Co-manager David Lewis tells Trustnet why ethical investors should own oil stocks, why he has sold out from China and explains the fund’s gold exposure.

By Jonathan Jones,

Editor, Trustnet

Creating a one-stop shop for investors can be a tricky prospect, with many moving parts to consider from macroeconomics and short-term political factors to picking the best funds over the long term and making sure those underlying managers own the types of stocks you want to be invested in.

The team at Jupiter behind the Merlin range of funds have an enviable track record of this. Indeed, the Jupiter Merlin Growth Portfolio – the most high-risk portfolio in the range – has beaten the average IA Flexible Investment peer by round 46 percentage points over the past decade.

This week Trustnet spoke with co-manager David Lewis about why the portfolio no longer invests in China, why buying agricultural ETFs does not work on ethical grounds, and how he deals with owning the big oil companies.

Total return of fund vs sector over 10yrs

 

Source: FE Analytics

 

What is your process for building the portfolio?

What we are trying to do is offer our clients a one-stop-shop portfolio that can be a good fund for all seasons. We look to buy the right amount of the right people at the right time with a bias towards quality managers that have the ability to defend on the downside and maximise returns given the risk taken in the portfolio.

The macroeconomic backdrop guides our asset allocation but the actual picking of the funds is based on a number of areas including screening of the market, a log of funds that we have looked at in the past and a network of sales people that we can rely on who know what we are looking for. These offer up ideas at different times and then we do our due diligence.

 

How risky is the fund?

The Merlin Growth portfolio sits in the IA Flexible sector which means we have the ability to move portfolio wherever we want to go. It is the top of a stack of portfolios that we run based on risk tolerances so it is created to be at the riskier end of our spectrum.

It is predominantly invested in equities but there are some mitigating factors in there, such as modest-to-no exposure to the blue-sky, high-growth end of the market, as the funds we invest in have valuation disciplines. We also don’t own the deep value end of the market.

Over the past 20 years we have broadly captured around 110% of the upside versus the peer group, but also defended capital on the downside as well.

 

What has been your worst call this year?

The biggest detractor has been our Asian and emerging market exposure. At the start of the year it was probably around a 5% exposure.

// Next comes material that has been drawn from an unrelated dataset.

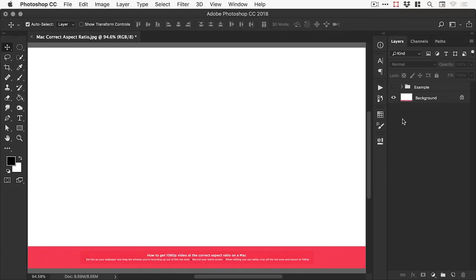Hello there, you're watching Dansky and in this two-minute tutorial I'm going to show you a cheeky way that you can capture screen recordings at the correct aspect ratio on a Mac.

There has been a point of discussion for a number of years over the exposure to China in these funds. From the start of the trade war between the US and China we have questioned the idea of having exposure to the Chinese equity market and the clampdown by the [Chinese Communist Party] CCP was the final straw for us.

We feel like the mood music is very much away from those minority shareholders, which we are always going to be. We do not feel that our interests are going to be looked after by investing in there.

 

And what about the best?

We decided to invest in some dedicated technology holdings in November of last year and that has been great. The Bluebox Global Technology fund is up about 32% so far this year and it has been a significant winner for the portfolio.

 


Why do you own gold?

It is a small holding in the portfolio. We have held physical gold for more than 10 years in varying degrees. In March last year we turned up that weighting significantly which helped preserve capital on the downside, but then saw this disconnect between gold shares and gold.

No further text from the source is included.